A neutron in a nuclear reactor makes an elastic, head-on collision with the nucleus of a carbon atom initially at rest.

(a) What fraction of the neutron's kinetic energy is transferred to the carbon nucleus? (The mass of the carbon nucleus is about 12.0 times the mass of the neutron.)

__________

b) The initial kinetic energy of the neutron is 2.70 10-13 J. Find its final kinetic energy and the kinetic energy of the carbon nucleus after the collision.

neutron __________J

carbon nucleus __________J

Answer 1

For an elastic collision both momentum and energy are conserved.

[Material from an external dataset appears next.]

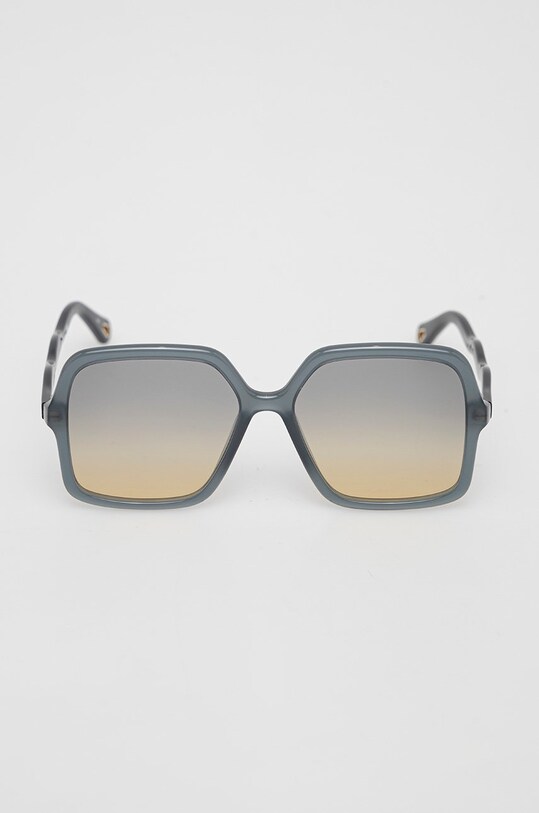 Chloé okulary przeciwsłoneczne CH0086S zielony AA00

First define appropriate variables:
m = mass of neutron
M = mass of carbon nucleus = 12*m
v = initial velocity of the neutron
u = final velocity of neutron
w = final velocity of carbon nucleus

Now let us look at what we are trying to find. And that is the ratio of the final KE of the carbon nucleus to the initial kinetic energy of the neutron.

KE0 = initial kinetic energy of the neutron
KE2 = final kinetic energy of the carbon nucleus

Fraction = KE2/KE0
Since kinetic energy is (1/2)m*v^2 we can rewrite this as.
Fraction = ([1/2)12m*w^2]/[(1.2)m*v^2] = 12*(w/v)^2

So we need the ratio of the velocities and we can find that using conservation of energy and conservation of momentum.

Conservation of energy.
(1/2)m*v^2 = (1/2)m*u^2 + (1/2)12m*w^2
v^2 = u^2 + 12*w^2

Conservation of momentum.
m*v = m*u + 12m*w

We want to solve for w as a function of v so get a raleation for u from the momentum equation and put this into the energy equation and solve.
u = v - 12*w
v^2 = (v - 12*w)^2 + 12*w^2
v^2 = v^2 - 24*v*w + 144*w^2 + 12*w^2

24*v*w = 156*w^2
w = (24/156)*v = (2/13)*v
(w/v) = 2/13

So the fraction of the kinetic energy is 12*(2/13)^2 = 0.284